Problem details —
All lines holding the word "before" should be located in the records and copied.

Collected data entries:
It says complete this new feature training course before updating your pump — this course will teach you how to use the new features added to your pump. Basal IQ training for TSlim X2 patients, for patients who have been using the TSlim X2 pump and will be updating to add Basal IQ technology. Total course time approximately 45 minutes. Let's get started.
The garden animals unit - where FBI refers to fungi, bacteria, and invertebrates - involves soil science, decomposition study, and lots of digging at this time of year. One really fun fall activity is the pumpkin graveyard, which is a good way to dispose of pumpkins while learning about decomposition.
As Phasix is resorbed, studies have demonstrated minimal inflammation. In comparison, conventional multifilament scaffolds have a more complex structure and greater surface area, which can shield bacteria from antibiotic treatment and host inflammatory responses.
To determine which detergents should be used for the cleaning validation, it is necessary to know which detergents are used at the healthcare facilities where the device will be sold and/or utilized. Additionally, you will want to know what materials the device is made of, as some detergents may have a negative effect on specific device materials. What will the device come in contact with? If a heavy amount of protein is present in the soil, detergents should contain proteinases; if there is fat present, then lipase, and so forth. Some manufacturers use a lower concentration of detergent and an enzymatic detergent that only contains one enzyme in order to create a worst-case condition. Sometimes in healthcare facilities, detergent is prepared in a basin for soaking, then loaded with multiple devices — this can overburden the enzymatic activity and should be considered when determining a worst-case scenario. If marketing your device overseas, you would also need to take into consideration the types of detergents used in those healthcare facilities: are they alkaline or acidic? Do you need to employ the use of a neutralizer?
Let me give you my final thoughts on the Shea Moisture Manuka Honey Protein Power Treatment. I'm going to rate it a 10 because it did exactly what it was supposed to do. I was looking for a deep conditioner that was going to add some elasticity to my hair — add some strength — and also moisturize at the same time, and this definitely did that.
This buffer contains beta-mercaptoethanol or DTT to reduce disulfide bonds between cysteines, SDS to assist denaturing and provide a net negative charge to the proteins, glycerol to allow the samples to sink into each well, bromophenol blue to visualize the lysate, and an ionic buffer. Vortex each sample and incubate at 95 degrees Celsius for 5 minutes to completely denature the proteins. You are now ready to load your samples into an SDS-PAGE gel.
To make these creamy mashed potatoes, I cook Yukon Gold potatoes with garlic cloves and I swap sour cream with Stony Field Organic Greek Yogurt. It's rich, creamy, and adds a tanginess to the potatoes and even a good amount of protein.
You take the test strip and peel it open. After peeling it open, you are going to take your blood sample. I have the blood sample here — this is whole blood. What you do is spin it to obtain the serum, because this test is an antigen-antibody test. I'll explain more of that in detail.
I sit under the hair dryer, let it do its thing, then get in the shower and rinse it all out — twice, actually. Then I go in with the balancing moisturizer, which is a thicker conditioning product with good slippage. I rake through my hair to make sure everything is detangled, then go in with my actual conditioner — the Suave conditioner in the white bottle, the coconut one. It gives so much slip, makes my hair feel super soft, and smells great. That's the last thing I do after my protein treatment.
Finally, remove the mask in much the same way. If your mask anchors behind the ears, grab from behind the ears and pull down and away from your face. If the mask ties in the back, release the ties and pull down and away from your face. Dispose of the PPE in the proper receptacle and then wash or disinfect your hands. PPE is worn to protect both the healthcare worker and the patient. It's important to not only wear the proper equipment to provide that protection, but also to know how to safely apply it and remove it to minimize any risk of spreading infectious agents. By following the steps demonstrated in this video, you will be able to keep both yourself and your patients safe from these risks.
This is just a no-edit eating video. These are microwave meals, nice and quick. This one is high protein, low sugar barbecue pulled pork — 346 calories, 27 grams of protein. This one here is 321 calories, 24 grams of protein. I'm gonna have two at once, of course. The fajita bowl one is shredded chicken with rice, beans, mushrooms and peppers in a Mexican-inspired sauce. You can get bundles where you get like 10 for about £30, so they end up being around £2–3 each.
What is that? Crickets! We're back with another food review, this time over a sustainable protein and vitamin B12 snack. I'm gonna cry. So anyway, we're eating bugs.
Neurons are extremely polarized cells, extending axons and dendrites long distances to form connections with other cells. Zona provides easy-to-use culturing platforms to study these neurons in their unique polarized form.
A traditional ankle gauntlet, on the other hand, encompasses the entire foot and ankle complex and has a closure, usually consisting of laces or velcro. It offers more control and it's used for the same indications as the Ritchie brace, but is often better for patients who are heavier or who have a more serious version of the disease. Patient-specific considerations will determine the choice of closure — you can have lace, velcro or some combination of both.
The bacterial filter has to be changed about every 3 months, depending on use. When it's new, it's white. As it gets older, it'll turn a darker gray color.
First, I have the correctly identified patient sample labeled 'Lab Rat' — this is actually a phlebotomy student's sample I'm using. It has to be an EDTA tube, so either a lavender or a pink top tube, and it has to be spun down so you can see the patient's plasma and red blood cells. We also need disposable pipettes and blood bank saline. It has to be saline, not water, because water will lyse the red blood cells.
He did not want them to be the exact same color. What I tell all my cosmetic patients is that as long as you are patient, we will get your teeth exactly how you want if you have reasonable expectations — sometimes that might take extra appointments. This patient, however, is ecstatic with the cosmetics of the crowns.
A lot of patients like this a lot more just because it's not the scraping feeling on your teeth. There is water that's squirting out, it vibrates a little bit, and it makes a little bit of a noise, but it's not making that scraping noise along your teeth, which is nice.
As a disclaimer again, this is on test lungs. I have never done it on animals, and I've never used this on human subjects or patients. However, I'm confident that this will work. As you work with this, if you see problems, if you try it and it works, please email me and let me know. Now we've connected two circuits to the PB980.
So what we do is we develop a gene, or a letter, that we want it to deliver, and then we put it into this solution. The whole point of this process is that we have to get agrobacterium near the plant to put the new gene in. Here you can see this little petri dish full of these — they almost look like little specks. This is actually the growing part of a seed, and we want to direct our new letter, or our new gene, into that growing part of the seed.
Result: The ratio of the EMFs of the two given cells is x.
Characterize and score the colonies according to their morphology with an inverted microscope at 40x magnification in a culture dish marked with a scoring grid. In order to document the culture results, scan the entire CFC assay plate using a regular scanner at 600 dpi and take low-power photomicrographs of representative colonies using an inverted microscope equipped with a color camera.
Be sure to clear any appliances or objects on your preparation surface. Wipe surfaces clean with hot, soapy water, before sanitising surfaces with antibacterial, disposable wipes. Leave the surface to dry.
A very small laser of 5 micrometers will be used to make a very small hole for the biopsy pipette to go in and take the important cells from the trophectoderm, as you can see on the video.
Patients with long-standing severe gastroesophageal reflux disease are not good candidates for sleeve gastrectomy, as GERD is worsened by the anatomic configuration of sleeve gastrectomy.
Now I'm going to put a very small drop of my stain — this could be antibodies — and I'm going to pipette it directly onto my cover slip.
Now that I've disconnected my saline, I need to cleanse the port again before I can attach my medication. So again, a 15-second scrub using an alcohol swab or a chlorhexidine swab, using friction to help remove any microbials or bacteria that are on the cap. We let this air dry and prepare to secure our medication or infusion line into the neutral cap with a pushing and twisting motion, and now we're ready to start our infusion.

Solution for this exercise —
It says complete this new feature training course before updating your pump — this course will teach you how to use the new features added to your pump. Basal IQ training for TSlim X2 patients, for patients who have been using the TSlim X2 pump and will be updating to add Basal IQ technology. Total course time approximately 45 minutes. Let's get started.
Be sure to clear any appliances or objects on your preparation surface. Wipe surfaces clean with hot, soapy water, before sanitising surfaces with antibacterial, disposable wipes. Leave the surface to dry.
Now that I've disconnected my saline, I need to cleanse the port again before I can attach my medication. So again, a 15-second scrub using an alcohol swab or a chlorhexidine swab, using friction to help remove any microbials or bacteria that are on the cap. We let this air dry and prepare to secure our medication or infusion line into the neutral cap with a pushing and twisting motion, and now we're ready to start our infusion.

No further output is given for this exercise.